If people concerned about the safety of thoroughbreds had their way, the Preakness might be a race for 4-year-olds instead of 3-year-olds. It would be run on a synthetic surface instead of dirt. The jockeys would be forbidden to carry whips.
These are among the many proposals put forth since the filly Eight Belles broke down and was euthanized after the Kentucky Derby. Even with the second leg of the Triple Crown just five days away, the sport is still preoccupied with the filly’s death and stung by the harsh criticism it has taken on the issue of equine safety. The industry knows it has to do something, but what?
One of the most common responses to the breakdown of Eight Belles has come from such diverse sources as People for the Ethical Treatment of Animals and the Washington Post’s Sally Jenkins, author of “Funny Cide.” It is the argument that the sport places too much stress on young, undeveloped horses by racing them at age 2 and by subjecting them to the rigors of the Triple Crown series at 3. The evidence of two fatalities in the past six Triple Crown races — Barbaro in the 2006 Preakness and Eight Belles in the Derby — seems to support this theory.
But top equine veterinarians insist it is a fallacy that thoroughbreds race at too young an age. Rick Arthur, equine medical director of the California Horse Racing Board, said that horses need exertion as 2-year-olds because it develops their bones. “It’s beneficial for that process to occur as the horse goes through the maturation process,” he said. “The 3-year-old is a mature horse in terms of his bone development.”
Larry Bramlage, the vet who regularly appears on national racing telecasts, said ample statistics refute the argument that young thoroughbreds should be handled with kid gloves. “Horses that train as 2-year-olds earn more money and make more starts than horses who don’t train until they’re 3.”
The death of Eight Belles also brought calls for more tracks to install synthetic surfaces. Preliminary evidence suggests that the rate of fatal accidents is lower on synthetic tracks than on dirt (though some trainers say that certain types of injuries have increased.)
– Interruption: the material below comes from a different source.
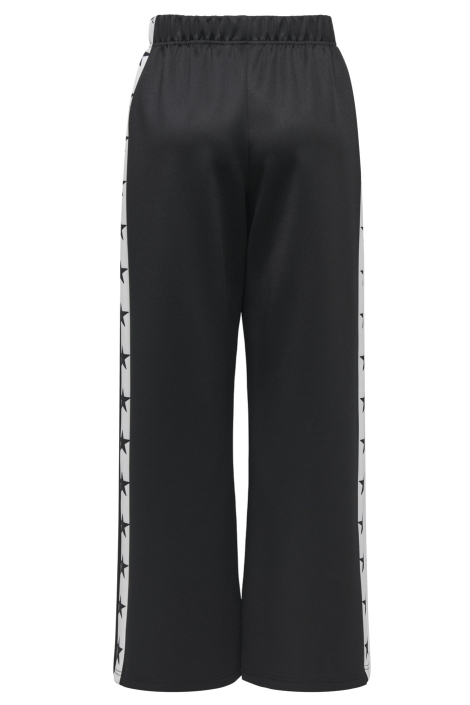 Only zwarte dames broek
Daily Racing Form columnist Jay Hovdey last week made a well-reasoned case for synthetics that goes beyond the statistics on breakdowns. One major reason for the fragility of American thoroughbreds is breeders’ obsession with speed; they don’t care about durability when they produce a racehorse. This is a seemingly insoluble problem because nobody can legislate the private decisions of breeders. However, synthetic tracks have proved to be much less speed-favoring than dirt, and in some cases they have had a distinctly anti-speed bias. If all racetracks adopted synthetic surfaces, Hovdey argued, breeders would have to produce a different type of thoroughbred.
The drawback to this vision, of course, is that horse racing might not be much of a sport if speed became a liability. The thoroughbreds who make the game exciting are the brilliant ones such as Kentucky Derby winner Big Brown — not the plodders who often win on Polytrack.
Even if synthetic tracks do reduce the number of catastrophic injuries, it is a specious argument to suggest that dirt racing surfaces are the root cause of the safety problem. There was no perceived epidemic of breakdowns in the United States 30 years ago; dirt tracks seemed safe enough then. And the rate of breakdowns is not a serious issue in other nations where racing is conducted on dirt. In the past six years at Maronas, Uruguay, there have been only 30 fatal accidents from 46,701 starters. That is about one-third that rate of fatalities in the United States. Yet many people in the industry have hastened to blame dirt tracks for breakdowns. When a series of fatalities marred the 2006 Del Mar meeting, the California Horse Racing Board reacted by mandating that the state’s tracks replace dirt surfaces with synthetic surfaces. Perhaps my view is too cynical, but I believe that the industry is focusing on this peripheral issue because it can’t face up to the real one.
U.S. horses are much less durable than they used to be, and they are less durable than their counterparts in other countries. So what makes contemporary U.S. racing different? We all know the one-word answer to that question: drugs.
In the 1970s, American racing adopted the policy of “permissive medication,” legalizing drugs that are banned in the rest of the racing world. The administration of the diuretic Lasix and the painkiller Butazolidin became standard at every U.S. racetrack. Other commonly used drugs — such as corticosteroids injected in the joints of ailing animals — allow them to run without pain and surely contribute to breakdowns. The use of anabolic steroids puts extra muscle on horses, forcing their bones to carry more weight and absorb more of an impact when they hit the ground.
The rationale for the liberalization of drug rules in the United States was that medication would help horses cope better with the stress of year-round racing. But it didn’t. The average U.S. horse has made fewer and fewer starts per year since the 1970s, suggesting the existence of a vicious cycle: Unsound horses who succeed with the aid of medications go to stud and propagate more unsound horses.
Yet despite the evidence that the U.S. medication policy has been a failure, horsemen have regularly resisted most efforts to curb the use of medications. American racing is addicted to drugs, and American horses will never again be fueled by hay, oats and water alone. But until the industry faces the medication issue seriously, all of its efforts to address equine safety will be misguided.